The Complete Guide to Number Plate Fonts

By now you must know that there are rules to follow when it comes to number plates. The DVLA provides guidelines that very number plate must follow. These rules are meant to make all number plates easier to read under all conditions, even in the dark. Flouting these rules is an offense that carries a few penalties we shall look at later

To make these rules practical and applicable, the DVLA will occasionally introduce new rules. On September 1st 2001, the DVLA did just that, by introducing new rules on the fonts for all number plates in the UK. Each number plate made since then must conform to the requirements outlined below brought to you by: Show Plates Express

The Font Name

Since the DVLA began registering vehicles in the UK, the font used for all number plates was the “Charles Wright” font named after its designer. The font may seem different on older number plates, but that’s because it has been updated. The updated version of the font is sometimes referred to as the “Charles Wright New” font. This is the only font that should be used in all number plates across the UK.

Character Spacing

All UK number plate fonts are mono-spaced. This means that every character in the number plate except “1” and “I” should be of equal width and height. All spacing should also be uniform and there must be a gap that is exactly 11mm between each character. There should also be an 11 mm margin around the outside of a number plate and the space in the middle should be at least 33 mm.

Font Size

Like we mentioned, the DVLA requires that the fonts on a plate be mono-spaced. In addition to each character being of equal width and height, the characters must also be 50mm wide and 79mm tall. The thickness of each stroke should be no more than 33mm.

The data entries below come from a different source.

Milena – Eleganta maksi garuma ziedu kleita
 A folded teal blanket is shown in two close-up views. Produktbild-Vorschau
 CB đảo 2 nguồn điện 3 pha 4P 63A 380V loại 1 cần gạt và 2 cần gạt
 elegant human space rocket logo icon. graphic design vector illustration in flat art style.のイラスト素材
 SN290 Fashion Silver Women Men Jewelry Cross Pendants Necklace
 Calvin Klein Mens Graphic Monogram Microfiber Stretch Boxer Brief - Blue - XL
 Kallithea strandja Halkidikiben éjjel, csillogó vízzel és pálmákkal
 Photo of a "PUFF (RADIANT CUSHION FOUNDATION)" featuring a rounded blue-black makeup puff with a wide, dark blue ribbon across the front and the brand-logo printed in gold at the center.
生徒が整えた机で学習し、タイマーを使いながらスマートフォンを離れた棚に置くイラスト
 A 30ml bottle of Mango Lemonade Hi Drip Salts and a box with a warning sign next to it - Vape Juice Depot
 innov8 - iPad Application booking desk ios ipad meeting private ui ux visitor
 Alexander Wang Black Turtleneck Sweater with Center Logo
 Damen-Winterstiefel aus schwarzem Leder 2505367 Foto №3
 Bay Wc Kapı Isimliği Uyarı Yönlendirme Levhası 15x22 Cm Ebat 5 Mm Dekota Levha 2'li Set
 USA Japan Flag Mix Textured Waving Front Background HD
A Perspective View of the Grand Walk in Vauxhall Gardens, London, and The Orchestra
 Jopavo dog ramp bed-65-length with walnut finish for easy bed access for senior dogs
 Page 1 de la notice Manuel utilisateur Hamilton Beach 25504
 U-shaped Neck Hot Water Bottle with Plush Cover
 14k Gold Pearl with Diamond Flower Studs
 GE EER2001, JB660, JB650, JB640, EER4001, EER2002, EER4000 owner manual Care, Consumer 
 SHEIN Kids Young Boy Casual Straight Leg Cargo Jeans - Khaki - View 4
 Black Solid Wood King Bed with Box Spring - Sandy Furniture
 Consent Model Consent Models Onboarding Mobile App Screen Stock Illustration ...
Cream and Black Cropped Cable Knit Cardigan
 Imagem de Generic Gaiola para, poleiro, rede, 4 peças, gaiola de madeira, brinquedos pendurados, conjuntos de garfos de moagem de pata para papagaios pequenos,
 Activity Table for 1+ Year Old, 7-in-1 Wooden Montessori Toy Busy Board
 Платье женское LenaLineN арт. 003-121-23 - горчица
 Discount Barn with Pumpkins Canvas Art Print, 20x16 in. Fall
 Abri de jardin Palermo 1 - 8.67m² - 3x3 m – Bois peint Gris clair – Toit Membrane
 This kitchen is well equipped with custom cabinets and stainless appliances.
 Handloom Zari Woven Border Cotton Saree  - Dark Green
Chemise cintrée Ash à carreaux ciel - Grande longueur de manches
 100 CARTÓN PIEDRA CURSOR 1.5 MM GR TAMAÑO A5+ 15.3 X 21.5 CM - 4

When are Number Plates illegal?

Any number of plates that fail to follow the guidelines laid out above are considered illegal. It is also worth noting that only two fonts are legal in the UK; the standard font (as we have seen above) and the 3-D effect (also known as the two-tone font.) Although it was formerly allowed to use Italics, Highline and carbon fonts, they are now prohibited.

You are also not allowed to add anything extra to the number plate other than flags or borders. Adding thing like a slogan beneath the registration number is illegal.


If you flout these or any other DVLA rules, you can be fined up to £1000 for the offense and the vehicle will fail its MOT. This is why you must never drive in public roads with a show plate. Most don’t meet these requirements and are only meant to be used for off-road purposes.

But you can get a personalized number plate that meets all of these requirements and therefore safe for use on the roads. If you are looking for a replacement number plate, it is your responsibility to make sure it is made to meet these requirements.